Following Claimant's termination by the County, a Labor Department Administrative Law Judge (ALJ) disqualified her from receiving unemployment insurance benefits on the ground that she had been separated from employment due to her misconduct. The Unemployment Insurance Appeal Board affirmed the ALJ’s decision and ultimately Claimant was held subject to a recoverable overpayment of unemployment insurance benefits in the amount of $31,935 and a reduced right to receive future benefits by 16 effective days on the Board’s finding that she had made willful misrepresentations to obtain benefits.

Complainant appealed contending that her statement to the investigator constituted “an exercise of her constitutional right against self-incrimination for which she could not be penalized by the Board.” The Appellate Division rejected this argument, explaining that although Claimant had the right to refuse to respond to any inquiries related to her possible guilt in connection with her arrest and the criminal charges then pending against her, "neither the text nor the spirit of the Fifth Amendment confers a privilege to lie."*

In the words of the Appellate Division, “By her response to the investigator's inquiry as to whether she was, in fact, guilty of the crimes she was charged with, [Claimant] “took a course that the Fifth Amendment gave [her] no privilege to take’ and the jury's verdict convicting her of knowingly possessing heroin at the time of her arrest conclusively established the falsity of her statement denying any wrongdoing.”

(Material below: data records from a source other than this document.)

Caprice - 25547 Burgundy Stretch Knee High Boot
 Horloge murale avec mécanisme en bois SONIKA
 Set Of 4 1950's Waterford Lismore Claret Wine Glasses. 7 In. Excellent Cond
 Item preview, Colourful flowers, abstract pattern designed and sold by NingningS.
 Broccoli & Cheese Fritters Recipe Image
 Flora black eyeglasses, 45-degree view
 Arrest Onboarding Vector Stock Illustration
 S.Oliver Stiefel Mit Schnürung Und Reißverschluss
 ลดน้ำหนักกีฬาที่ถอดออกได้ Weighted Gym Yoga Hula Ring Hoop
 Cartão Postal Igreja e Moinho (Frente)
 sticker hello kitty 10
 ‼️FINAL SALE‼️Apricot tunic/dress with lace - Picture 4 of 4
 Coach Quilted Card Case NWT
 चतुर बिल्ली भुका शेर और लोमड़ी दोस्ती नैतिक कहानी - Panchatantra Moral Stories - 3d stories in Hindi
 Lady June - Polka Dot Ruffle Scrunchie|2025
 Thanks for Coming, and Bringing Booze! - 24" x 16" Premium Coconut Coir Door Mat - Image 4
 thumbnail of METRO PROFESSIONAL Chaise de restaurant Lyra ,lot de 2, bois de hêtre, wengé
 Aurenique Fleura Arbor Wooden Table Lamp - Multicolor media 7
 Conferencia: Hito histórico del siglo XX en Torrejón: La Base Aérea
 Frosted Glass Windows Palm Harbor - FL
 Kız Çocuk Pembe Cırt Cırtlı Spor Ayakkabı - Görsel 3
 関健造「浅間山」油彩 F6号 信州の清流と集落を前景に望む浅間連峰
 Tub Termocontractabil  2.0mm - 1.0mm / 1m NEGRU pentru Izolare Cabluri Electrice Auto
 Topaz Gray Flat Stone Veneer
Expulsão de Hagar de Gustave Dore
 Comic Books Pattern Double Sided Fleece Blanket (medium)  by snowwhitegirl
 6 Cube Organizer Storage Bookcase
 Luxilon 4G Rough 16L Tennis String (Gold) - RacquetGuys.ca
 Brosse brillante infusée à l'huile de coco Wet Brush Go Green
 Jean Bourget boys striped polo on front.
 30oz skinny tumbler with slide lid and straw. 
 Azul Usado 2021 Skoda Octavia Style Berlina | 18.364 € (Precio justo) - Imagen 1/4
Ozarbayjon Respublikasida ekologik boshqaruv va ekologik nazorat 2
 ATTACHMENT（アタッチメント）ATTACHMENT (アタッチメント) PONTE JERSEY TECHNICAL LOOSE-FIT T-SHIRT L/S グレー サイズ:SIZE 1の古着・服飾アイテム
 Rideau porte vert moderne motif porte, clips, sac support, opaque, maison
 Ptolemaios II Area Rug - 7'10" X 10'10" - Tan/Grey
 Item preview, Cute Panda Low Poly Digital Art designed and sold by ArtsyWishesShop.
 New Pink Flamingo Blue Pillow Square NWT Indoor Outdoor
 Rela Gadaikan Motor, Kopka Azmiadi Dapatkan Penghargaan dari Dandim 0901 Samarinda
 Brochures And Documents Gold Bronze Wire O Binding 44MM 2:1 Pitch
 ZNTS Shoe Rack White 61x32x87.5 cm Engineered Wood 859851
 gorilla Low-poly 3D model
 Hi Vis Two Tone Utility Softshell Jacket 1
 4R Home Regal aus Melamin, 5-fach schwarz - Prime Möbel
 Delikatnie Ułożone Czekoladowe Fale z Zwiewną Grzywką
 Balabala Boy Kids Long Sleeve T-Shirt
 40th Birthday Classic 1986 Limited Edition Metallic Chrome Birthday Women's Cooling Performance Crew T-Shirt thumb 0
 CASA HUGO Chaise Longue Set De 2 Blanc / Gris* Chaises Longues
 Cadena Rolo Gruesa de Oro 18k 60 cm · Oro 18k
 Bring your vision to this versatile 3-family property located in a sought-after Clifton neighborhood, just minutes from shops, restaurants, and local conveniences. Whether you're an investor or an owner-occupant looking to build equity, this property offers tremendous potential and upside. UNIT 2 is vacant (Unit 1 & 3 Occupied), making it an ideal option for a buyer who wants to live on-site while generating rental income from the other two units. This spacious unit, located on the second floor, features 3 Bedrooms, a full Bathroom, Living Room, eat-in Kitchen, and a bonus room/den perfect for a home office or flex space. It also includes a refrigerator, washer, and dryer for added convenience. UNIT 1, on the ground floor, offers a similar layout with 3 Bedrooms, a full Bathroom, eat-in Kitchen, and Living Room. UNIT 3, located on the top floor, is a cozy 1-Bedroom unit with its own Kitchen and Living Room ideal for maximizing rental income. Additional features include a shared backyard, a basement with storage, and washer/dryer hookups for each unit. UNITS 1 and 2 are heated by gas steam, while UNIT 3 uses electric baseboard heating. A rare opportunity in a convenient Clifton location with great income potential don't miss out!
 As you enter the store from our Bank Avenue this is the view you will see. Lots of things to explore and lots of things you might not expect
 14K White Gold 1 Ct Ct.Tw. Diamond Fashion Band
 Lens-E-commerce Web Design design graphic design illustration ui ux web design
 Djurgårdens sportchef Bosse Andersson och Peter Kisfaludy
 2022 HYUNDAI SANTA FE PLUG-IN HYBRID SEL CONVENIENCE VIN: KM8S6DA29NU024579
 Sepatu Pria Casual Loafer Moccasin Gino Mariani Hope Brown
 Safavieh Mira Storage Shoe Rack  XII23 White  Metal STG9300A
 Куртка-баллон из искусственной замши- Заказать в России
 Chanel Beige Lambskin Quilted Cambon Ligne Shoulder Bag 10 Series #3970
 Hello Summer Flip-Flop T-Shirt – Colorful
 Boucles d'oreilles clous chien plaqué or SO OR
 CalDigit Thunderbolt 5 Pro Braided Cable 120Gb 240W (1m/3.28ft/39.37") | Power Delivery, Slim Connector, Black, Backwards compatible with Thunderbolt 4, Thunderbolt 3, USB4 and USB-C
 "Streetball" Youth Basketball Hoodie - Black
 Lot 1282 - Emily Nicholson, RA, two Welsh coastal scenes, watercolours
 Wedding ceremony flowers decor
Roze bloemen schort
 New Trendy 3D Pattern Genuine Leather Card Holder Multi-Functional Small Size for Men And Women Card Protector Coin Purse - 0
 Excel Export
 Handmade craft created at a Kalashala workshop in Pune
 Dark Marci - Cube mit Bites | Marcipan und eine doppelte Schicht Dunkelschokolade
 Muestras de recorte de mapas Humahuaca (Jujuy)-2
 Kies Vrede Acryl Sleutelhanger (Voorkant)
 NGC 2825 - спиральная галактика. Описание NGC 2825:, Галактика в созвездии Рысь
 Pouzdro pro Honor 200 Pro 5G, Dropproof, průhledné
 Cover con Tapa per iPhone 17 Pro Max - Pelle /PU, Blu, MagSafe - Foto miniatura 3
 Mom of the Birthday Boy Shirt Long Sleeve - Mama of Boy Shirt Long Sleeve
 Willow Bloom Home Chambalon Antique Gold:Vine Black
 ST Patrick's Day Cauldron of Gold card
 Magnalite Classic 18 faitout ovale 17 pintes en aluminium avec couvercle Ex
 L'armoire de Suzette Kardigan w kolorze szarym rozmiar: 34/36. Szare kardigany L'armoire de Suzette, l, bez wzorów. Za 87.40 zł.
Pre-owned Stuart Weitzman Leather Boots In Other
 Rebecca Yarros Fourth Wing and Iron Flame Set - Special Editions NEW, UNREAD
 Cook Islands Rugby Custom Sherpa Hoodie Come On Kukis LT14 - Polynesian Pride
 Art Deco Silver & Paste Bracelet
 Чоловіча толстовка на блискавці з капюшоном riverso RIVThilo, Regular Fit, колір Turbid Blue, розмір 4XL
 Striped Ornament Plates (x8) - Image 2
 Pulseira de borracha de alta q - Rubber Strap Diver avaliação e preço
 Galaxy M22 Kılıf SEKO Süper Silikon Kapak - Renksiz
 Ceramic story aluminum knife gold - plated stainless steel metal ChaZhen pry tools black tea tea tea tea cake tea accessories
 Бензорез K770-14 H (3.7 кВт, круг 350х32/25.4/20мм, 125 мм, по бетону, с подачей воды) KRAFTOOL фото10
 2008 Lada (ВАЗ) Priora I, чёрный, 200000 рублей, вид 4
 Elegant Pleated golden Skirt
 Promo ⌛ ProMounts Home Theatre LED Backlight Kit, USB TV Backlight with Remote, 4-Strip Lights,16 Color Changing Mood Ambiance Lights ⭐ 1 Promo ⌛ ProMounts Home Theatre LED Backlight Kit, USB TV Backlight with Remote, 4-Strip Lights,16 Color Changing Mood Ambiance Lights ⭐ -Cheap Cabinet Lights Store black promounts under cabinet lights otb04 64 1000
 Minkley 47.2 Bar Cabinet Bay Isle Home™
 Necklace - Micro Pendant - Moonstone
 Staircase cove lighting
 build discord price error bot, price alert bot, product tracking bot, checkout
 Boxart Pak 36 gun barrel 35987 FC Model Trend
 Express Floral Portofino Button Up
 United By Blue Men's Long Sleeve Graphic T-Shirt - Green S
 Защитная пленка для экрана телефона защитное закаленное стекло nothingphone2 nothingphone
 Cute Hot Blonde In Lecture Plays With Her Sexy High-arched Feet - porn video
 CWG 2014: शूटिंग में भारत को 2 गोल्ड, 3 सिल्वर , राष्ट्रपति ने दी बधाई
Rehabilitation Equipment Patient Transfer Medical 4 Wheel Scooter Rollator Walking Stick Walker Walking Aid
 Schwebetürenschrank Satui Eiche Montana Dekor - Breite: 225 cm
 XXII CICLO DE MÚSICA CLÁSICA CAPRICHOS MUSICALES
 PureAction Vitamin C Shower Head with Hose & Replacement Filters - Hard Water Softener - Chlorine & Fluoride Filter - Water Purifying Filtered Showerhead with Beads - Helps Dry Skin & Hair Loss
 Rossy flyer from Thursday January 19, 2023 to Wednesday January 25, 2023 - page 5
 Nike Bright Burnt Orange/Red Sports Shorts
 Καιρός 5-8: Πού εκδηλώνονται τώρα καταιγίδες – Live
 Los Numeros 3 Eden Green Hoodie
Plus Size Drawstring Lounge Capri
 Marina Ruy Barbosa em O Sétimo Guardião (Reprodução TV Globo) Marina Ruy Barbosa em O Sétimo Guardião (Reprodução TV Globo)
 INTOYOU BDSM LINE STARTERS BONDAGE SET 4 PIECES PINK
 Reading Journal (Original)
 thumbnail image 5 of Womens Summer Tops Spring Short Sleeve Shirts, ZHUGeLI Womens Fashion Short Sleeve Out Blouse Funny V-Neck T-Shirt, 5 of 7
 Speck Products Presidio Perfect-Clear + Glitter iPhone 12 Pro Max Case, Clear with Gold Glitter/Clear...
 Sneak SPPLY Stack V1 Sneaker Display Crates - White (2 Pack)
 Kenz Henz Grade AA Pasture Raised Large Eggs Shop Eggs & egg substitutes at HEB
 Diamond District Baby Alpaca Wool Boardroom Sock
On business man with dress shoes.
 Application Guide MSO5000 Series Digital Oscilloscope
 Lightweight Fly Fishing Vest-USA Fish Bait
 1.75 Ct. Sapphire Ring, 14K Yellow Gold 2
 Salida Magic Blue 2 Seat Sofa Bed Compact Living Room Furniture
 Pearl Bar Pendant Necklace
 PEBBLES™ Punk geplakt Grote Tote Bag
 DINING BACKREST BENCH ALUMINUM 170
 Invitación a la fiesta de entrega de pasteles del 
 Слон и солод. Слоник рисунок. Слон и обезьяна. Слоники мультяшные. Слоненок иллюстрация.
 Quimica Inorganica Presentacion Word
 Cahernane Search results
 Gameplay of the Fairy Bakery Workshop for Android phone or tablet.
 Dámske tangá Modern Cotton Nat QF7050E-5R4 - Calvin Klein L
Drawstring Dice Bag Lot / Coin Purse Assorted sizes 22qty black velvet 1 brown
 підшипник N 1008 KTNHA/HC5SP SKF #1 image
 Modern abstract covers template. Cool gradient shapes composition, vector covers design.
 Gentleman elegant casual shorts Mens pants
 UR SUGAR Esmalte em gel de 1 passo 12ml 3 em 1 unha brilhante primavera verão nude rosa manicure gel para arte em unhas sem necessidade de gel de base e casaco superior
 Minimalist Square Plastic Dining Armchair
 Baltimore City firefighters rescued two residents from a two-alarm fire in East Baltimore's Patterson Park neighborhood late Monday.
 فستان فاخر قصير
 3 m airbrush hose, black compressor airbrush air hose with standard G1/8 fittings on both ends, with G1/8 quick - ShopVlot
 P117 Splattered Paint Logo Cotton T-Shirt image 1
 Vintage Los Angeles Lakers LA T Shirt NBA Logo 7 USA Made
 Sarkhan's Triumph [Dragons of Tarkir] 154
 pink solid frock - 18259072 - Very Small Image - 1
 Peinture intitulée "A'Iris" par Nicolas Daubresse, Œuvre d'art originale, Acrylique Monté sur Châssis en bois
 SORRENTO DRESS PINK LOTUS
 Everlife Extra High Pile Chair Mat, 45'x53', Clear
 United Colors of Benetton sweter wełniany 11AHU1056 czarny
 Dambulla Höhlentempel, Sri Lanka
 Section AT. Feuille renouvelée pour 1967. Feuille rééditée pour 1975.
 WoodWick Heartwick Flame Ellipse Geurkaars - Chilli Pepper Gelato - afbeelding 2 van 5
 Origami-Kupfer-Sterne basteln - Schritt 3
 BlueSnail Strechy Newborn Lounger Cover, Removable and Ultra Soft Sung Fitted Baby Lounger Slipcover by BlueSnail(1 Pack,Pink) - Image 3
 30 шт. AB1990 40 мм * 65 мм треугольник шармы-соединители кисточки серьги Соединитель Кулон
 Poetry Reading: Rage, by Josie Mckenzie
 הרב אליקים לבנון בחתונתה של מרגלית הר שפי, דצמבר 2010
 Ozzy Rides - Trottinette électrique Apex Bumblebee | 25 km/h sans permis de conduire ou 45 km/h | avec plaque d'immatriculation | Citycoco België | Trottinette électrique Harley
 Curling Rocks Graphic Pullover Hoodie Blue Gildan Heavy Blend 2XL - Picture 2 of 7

The Appellate Division sustained the Board’s determination, ruling that substantial evidence supported its finding that Claimant's affirmative statement to the Labor Department's investigator that she was "not guilty of any wrongdoing in connection with [her] arrest" was a willful misrepresentation made in order to obtain benefits.

* In Bryson v. United States, 396 US 64, the Court said “Our legal system provides methods for challenging the Government’s right to ask questions – lying is not one of them. A citizen may decline to answer the question, or answer it honestly, but he [or she] cannot with impunity knowingly and willfully answer with a falsehood.”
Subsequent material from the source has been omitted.